As anyone who has ever rented a Parisian apartment—even for just a short stay in the City of Light—knows, one of the true pleasures of non-hotel living in Paris is the views over the city’s iconic rooftops. The hundreds of tiny clay chimneys. The ornate sloping roofs adorning ancient stone buildings. The skylights and wrought-iron balconies peering out over the entire scene.
And now, a photo exhibit staged at Paris’s La Galerie Particuliere, located in the artsy Marais, celebrates those picturesque canopies.
Renowned German architectural photographer Michael Wolf (who resides in Paris and Hong Kong) spent much of the summer and fall of 2014 visiting dozens of high vantage points throughout Paris to snap images of the city’s unique rooftops, from the zinc gables made popular in the 19th century to the dense patterns of chimneys seen throughout Paris’s residential quarters. The results are displayed in “Blind Walls-Paris Rooftops,” an exhibit staged through March 1.
The exhibit is “a breath-taking, extremely frontal force of unthinkable abstraction when one is familiar with Parisian architecture,” the gallery’s curators say. “Forests of chimneys stand, the edge of buildings follow and respond … walls are transformed into flat areas of color. But as always in the works of Michael Wolf, the human presence is never far away. Watching the details of certain photographs, we make guesses at the lives that intrude into the most abstract photographs: a silhouette behind a curtain, a worker who repairs a gutter, the graffiti of lovers painted on the high walls, near the clouds.”

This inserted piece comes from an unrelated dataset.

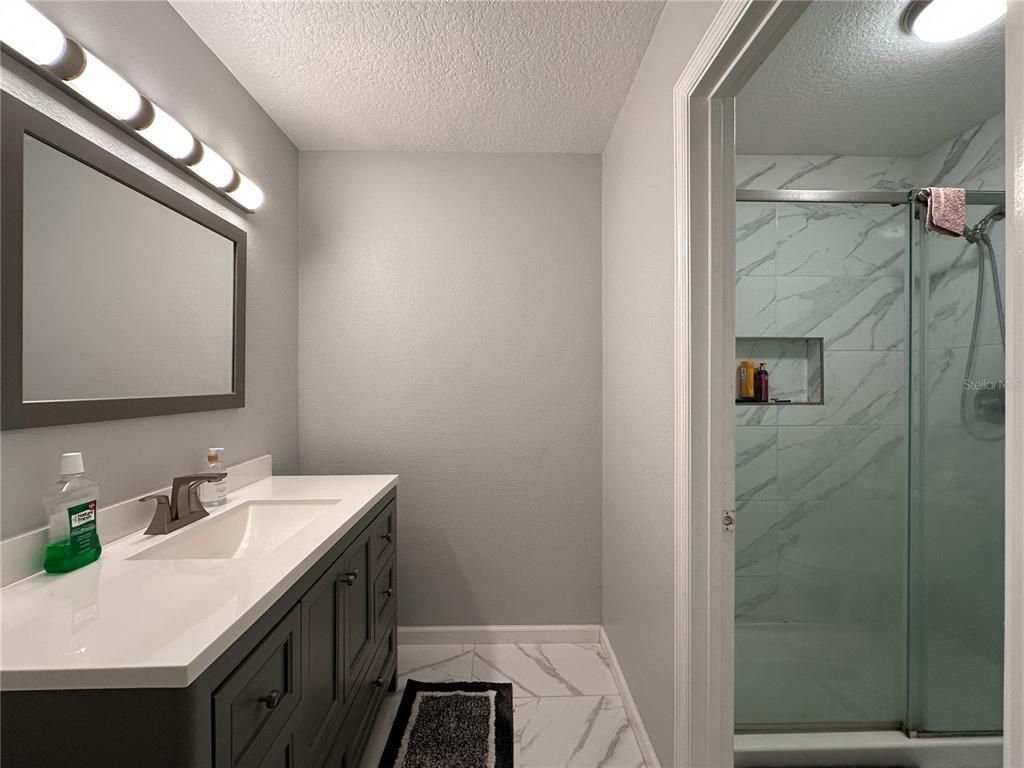 Bathroom, Glass Shower, Interior, Marble, Marble Walls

Wolf began his photography career in 1994 as a photojournalist, working for the German magazine “Stern” from its Hong Kong Office. He won first prize at the 2004 World Press Photo competition for his photos that accompany an article titled “China: Factory of the World.” In 2003, Wolf shifted his focus to only fine-art photography projects.
Among Wolf’s most notable exhibits/collections are “Bastard Chairs,” a series of photos of built-from-refuse chairs made by Chinese citizens that was later published in the photo book “Sitting in China;” “The Real Toy Story,” an installation that included more than 20,000 toys made in China; “Architecture of Density,” a series of photos of Hong Kong’s skyscrapers that were subsequently published in the books “Hong Kong: Front Door/Back Door” and “Hong Kong: Inside/Outside;” “100×100,” which chronicled the lives of the residents of Hong Kong’s oldest public housing facility; “Transparent City,” a “Rear Window”-like series which focused on the inhabitants of iconic Chicago buildings; and several exhibited based on Google Street View scenes, including “Paris Street View,” “Manhattan Street View” and “A Series of Unfortunate Events.”
During the past year, Wolf has had exhibits staged in London; Shanghai; New York; Zurich; Frankfurt, Germany; Berlin; The Hague, Netherlands; Cincinnati, Ohio; and Rovereto, Italy.
Paris’s La Galerie Particuliere was founded in 2009 by Guillaume Foucher, a graduate of the Ecole du Louvre, and Frederic Biousse, a couture fashion house executive. The gallery showcases contemporary art and photography.
“Blind Walls-Paris Rooftops” will be displayed through March 1 at La Galerie Particuliere, 16 Rue du Perche in the 3rd Arrondissement (Metro: Saint Sebastien-Froissart). Admission is free. The gallery is open Tuesday-Saturday 11 a.m.-7 p.m., closed Sundays and Mondays.